欧州にハイブリッド戦争を仕掛けるロシア 破壊活動、暗殺、プロパガンダ

ロシアが暗殺を企てたとされるパッペルガー氏|Boris Roessler / dpa via AP

 ウクライナ戦争を有利に運びたいロシアは、欧州の北大西洋条約機構(NATO)加盟諸国において、各種の破壊活動を展開しているとみられる。ドイツでは武器製造会社の経営トップを狙う暗殺計画が発覚した。

◆ウクライナ向け武器企業の暗殺計画
 米CNN(7月11日)は、ロシア政府が暗殺計画を企てたことを、アメリカとドイツの情報機関が突き止めたと報じている。ターゲットは、ウクライナ向けに武器を製造しているドイツの大手武器製造会社「ラインメタル」の最高経営責任者(CEO)アルミン・パッペルガー氏だった。

 ラインメタルは155mm砲弾を製造しているドイツ最大のメーカーであり、ウクライナ戦争で重大な役割を担う。アメリカの情報機関がこの計画を知り、ドイツに警告を発したことで、ドイツの治安機関がパッペルガー氏を保護した。暗殺計画は阻止されたという。

 ドイツではほかにも、ロシアが破壊活動を行っている証拠が複数見つかっている。たとえば、バイエルン州のグラーフェンヴェーアにあるアメリカ軍の施設では、ロシアの軍事情報機関とつながりのある人物と暗号化メッセージアプリでやり取りをしていたドイツ市民が逮捕された。この人物は、施設の写真を撮影し、破壊活動のターゲットを探していた、と米ワシントン・ポスト紙が報じている。CNNによると当該の人物は、ドイツとロシアの二重国籍だった。

◆ヨーロッパで広く行われている破壊活動
 ロシアによる欧州での破壊活動は、さまざまなパターンに及ぶ。イギリス、ドイツ、ポーランドでの事例が報じられている。

 イギリスでは今年4月、ウクライナ支援物資を保管していたロンドンの倉庫への放火事件が発生した。ワシントン・ポスト紙によると4人の男性が、ロシアの情報機関に協力していたとして起訴されている。

 ドイツでは今年5月、ベルリン近郊のディール兵器工場で火災が発生し、ロシアの情報機関との関連が調査されている。ポーランドでは今年5月には、ワルシャワ最大のショッピングモールで放火事件が発生し、9人が逮捕された。
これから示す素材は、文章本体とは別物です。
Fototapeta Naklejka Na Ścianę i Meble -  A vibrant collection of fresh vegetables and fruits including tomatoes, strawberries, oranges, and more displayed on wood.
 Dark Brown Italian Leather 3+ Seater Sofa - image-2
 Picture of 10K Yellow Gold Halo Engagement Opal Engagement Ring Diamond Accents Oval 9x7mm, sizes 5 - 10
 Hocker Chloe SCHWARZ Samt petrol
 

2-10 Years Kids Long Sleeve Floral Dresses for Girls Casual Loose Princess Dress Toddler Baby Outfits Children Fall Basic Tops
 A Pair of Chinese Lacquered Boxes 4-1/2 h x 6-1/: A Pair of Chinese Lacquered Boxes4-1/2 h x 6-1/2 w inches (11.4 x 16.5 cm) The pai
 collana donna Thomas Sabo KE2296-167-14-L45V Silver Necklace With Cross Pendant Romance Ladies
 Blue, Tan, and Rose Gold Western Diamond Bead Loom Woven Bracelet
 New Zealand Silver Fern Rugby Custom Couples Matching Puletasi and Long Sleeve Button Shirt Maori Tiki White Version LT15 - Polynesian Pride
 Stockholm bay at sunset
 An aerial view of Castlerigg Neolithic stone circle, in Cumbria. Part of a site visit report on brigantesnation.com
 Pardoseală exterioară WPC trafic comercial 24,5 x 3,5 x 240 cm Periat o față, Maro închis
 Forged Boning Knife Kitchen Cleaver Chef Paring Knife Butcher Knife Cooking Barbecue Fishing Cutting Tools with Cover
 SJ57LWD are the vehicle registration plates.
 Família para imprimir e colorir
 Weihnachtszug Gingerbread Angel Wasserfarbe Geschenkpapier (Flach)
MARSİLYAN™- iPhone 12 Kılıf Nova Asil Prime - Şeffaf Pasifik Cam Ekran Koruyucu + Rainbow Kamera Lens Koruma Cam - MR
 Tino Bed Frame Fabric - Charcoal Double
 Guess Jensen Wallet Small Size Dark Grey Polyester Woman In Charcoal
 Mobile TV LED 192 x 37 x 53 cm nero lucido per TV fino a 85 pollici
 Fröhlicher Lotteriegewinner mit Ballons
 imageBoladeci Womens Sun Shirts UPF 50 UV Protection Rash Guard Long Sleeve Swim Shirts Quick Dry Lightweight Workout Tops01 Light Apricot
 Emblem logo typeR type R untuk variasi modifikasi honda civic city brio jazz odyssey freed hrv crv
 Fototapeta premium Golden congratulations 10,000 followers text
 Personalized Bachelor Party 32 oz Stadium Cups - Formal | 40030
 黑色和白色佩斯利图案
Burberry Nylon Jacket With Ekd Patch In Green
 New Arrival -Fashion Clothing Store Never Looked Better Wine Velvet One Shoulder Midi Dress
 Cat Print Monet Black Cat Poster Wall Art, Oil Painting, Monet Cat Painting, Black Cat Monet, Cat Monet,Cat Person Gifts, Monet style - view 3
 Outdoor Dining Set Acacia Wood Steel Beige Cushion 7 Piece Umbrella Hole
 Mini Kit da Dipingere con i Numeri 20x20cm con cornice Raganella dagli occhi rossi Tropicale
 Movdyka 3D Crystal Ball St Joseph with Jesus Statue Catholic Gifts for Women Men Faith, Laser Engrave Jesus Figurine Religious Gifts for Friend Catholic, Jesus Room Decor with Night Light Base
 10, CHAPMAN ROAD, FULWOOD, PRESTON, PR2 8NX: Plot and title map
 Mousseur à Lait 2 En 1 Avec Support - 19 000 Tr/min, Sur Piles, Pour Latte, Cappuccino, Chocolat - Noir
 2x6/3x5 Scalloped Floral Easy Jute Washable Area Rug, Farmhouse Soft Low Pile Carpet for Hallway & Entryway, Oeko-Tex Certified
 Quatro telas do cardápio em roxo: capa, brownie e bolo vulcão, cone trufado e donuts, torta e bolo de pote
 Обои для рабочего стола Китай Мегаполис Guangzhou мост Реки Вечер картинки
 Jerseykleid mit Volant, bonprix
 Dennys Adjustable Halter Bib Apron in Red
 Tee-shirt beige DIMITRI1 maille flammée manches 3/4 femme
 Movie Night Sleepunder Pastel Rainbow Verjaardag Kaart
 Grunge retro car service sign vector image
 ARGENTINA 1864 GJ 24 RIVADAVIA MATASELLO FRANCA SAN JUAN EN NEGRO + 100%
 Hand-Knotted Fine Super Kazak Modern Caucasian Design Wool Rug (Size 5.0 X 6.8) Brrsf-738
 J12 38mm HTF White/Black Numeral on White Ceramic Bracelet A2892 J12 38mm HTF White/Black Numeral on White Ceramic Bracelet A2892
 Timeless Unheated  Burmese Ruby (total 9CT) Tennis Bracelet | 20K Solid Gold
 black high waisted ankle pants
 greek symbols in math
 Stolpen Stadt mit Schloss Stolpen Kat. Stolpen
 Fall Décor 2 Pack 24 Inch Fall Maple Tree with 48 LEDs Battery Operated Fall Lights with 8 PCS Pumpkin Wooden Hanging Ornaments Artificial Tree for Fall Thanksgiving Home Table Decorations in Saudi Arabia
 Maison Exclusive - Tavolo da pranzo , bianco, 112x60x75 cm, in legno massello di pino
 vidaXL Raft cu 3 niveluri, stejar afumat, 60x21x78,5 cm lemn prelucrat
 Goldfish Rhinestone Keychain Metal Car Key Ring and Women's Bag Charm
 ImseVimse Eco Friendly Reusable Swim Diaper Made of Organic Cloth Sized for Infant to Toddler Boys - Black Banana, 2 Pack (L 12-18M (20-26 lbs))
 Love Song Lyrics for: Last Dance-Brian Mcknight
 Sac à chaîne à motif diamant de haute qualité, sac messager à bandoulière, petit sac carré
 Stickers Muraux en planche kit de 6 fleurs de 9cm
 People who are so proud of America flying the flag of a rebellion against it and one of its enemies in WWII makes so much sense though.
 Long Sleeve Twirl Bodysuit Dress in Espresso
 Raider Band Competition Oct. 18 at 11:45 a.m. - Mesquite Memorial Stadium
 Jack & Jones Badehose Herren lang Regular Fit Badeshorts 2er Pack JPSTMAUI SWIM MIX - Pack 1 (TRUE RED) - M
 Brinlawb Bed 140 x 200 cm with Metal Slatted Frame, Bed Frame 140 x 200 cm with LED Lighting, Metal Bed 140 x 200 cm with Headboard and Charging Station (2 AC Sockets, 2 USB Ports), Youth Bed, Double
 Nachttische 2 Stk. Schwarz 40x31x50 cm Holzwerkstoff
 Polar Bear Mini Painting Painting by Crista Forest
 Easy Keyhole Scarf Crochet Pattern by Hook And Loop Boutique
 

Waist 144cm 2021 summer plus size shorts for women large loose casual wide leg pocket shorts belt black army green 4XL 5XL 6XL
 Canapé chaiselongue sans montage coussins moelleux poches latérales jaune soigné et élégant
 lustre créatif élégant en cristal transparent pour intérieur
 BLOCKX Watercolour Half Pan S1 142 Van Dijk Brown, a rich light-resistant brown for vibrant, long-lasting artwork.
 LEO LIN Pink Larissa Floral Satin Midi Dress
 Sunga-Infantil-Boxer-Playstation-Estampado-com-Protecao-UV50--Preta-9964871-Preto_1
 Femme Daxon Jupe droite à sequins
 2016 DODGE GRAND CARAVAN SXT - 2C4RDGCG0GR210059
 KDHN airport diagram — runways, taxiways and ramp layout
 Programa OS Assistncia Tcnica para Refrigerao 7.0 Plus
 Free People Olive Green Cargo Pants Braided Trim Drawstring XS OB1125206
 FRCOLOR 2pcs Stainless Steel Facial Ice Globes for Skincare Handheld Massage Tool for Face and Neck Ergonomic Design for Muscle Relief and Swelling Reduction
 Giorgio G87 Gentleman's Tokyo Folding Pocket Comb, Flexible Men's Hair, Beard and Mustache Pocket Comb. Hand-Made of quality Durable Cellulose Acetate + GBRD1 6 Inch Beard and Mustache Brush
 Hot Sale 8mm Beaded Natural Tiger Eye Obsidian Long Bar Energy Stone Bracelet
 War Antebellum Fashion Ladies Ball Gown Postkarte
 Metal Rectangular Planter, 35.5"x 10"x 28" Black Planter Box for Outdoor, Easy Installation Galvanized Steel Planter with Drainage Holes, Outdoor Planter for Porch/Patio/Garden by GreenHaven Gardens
 CNNはポーランドのドナルド・トゥスク首相のコメントとして、「リトアニアのIKEAでの火災も、ロシアの仕業かもしれない」との見解を報じている。

◆ロシアが進める「ハイブリッド戦争」
 NATOは警戒感を強めている。CNNによるとNATO高官は、「我々は破壊工作、暗殺計画、放火を目の当たりにしている。これらは人命に関わるものであり、ロシアの破壊活動は戦略的な影響を持つ」と述べている。

 米国家安全保障会議(NSC)のスポークスパーソンのエイドリアン・ワトソン氏は、「ロシアの破壊活動を非常に深刻に受け止めており、NATOの同盟国と協力してこれらの活動を暴露し、妨害するために積極的に取り組んでいる」と語った。

 ドイツのアナレーナ・ベアボック外務大臣は、ロシアが欧州の国に対し「ハイブリッド戦争」を仕掛けていると語る。ウクライナでの軍事行動に加え、ロシアが非軍事的な手段を用いてプロパガンダや破壊工作などを行い、欧州諸国の安定を揺るがそうとしているためだ。

 米国防総省が出資する星条旗新聞(7月10日)によると、NATOのイェンス・ストルテンベルグ事務総長は、「我々はロシアの敵対行動に対して警戒を強めている」と述べ、加盟国が協力して対策を講じていることを強調している。